Gabe Souza/Staff Photographer

“It’s important for Maine to grow,” the governor said. “We need to invite (immigrants) to come and live among us.”

Also honored were University of Maine professor Habib Dagher, who heads the school’s Offshore Wind Laboratory, and Maine Deputy Attorney General and Augusta Mayor William Stokes.

“We strongly believe that the friendship and alliance between the United States and Turkey will significantly contribute to the global peace,” said Eyup Sener, president of the Turkish Cultural Center Maine and the New England director of the Council of Turkic American Associations.

The Turkish Cultural Center has existed for only about two years, he said. About 300 people from Turkey are living in Maine, although if Turkic people from many countries in southeastern Europe are counted, that number climbs to about 2,500, Sener said.

Turkey is Maine’s 11th-largest international export destination. According to a U.S. Census report, $11 million worth of goods, ranging from dairy cattle to wood products, were shipped from Maine to Turkey in 2010 to 2011.

Several speakers at Tuesday’s event emphasized the potential for business and educational ties, while spreading a message of peace. Stokes said Augusta is in the final stages of establishing a sister-city relationship with Uskudar, a section or borough of Istanbul.

Several state legislators who attended the dinner have gone on one of the three trips the Turkish Cultural Center has organized for lawmakers to visit Turkey. There also are educational ties between Maine and Turkey.

Sener said his group organized a trip to Turkey this summer for officials from the University of Maine System, and an educational exchange agreement has been signed with officials at the University of Maine at Augusta.

At the K-12 level, a Turkish group is trying to open a charter school in Maine. It would be part of a network of 800 schools operated internationally by followers of a Turkish imam, Fethullah Gulen. The group’s application for a charter school in Bangor was denied in early 2013, and the group has applied again this fall, for a school in the Lewiston area.

Followers of Gulen, who lives in self-imposed exile in Pennsylvania, have been involved in starting at least 120 charter schools in 26 states, according to investigations by The New York Times, “60 Minutes,” USA Today and other news organizations. The schools are often top performers and have an entirely secular curriculum, but they have drawn criticism for their lack of transparency, their hiring and financial practices and concerns about their motivation, which experts say has as much to do with shaping the evolution of Turkey as it does with educating young Americans.

A short film on Gulen and his mission was shown at Tuesday’s dinner.

A key organization in Gulen’s network, the New York-based Council of Turkic American Associations, arranged for the Maine legislators’ subsidized trips to Turkey and asked Le- Page to issue an executive order declaring April 3, 2012, the first Turkish Cultural Day in Maine.

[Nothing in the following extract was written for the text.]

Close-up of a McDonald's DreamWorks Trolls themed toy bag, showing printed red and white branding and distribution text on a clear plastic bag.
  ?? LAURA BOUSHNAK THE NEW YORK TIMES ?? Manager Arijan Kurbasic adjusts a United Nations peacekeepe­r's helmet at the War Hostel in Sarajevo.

Last summer, state Sen. Roger Katz, R-Augusta, Rep. Karen Kusiak, D-Fairfield, and Rep. Dennis Keschl, R-Belgrade, visited Turkey. The three comprise the advisory board for the Turkish Cultural Center Maine.

Katz said Tuesday that he hopes Maine can attract Turkish students to the state university system. He noted that Maine has an aging population that is not very diverse.

“The only way to change that is to become a place that welcomes everyone,” he said.

Senate President Justin Alfond, D-Portland, also said he hopes the ties to Turkey will stimulate trade.

“Maine must be more welcoming,” he said. “There’s no doubt that Maine’s future rests on in-migration.”

Keschl also went on a trip in 2012, along with Sen. Joseph Brannigan, D-Portland; Rep. Jane Knapp, R-Gorham; and Rachel Talbot Ross, president of the NAACP’s Portland branch. Keschl has said that officials from the Council of Turkic American Associations were up front about their ties to Gulen when he questioned them directly.

The council is the regional affiliate of the Washington, D.C.-based Turkic American Alliance, the umbrella organization for the Gulen movement in the United States.

Source: Portland Press Herald , November 13, 2013


Related News

Trip to Turkey leaves a lasting impression

Charley Honey | The Grand Rapids Press | Saturday, July 30, 2011 The meal was incredible: savory lentil soup, two kinds of bread and salad, stuffed peppers, a scrumptious chicken casserole and a tasty pudding called muhallebi, followed by black tea in dainty glass cups. When you eat like this, you know you’re in Turkey. […]

‘A movement like the Hizmet Movement is very important for correcting misconceptions of Islam’

Dr. Lawrence Geraty is a Professor of Archaeology and Old Testament Studies at La Sierra University in Riverside, California. He served as the second President of La Sierra University. He completed his PhD in Syro-Palestinian Archaeology at Harvard University.

Alliance for Shared Values Deplores Paris Shootings

The Alliance for Shared Values condemns in the strongest terms the terrorist attack on French magazine Charlie Hebdo. Such horrific actions represent an assault on democratic values and can never be justified no matter the underlying reason. Even against insults, the befitting response must be legal and civil.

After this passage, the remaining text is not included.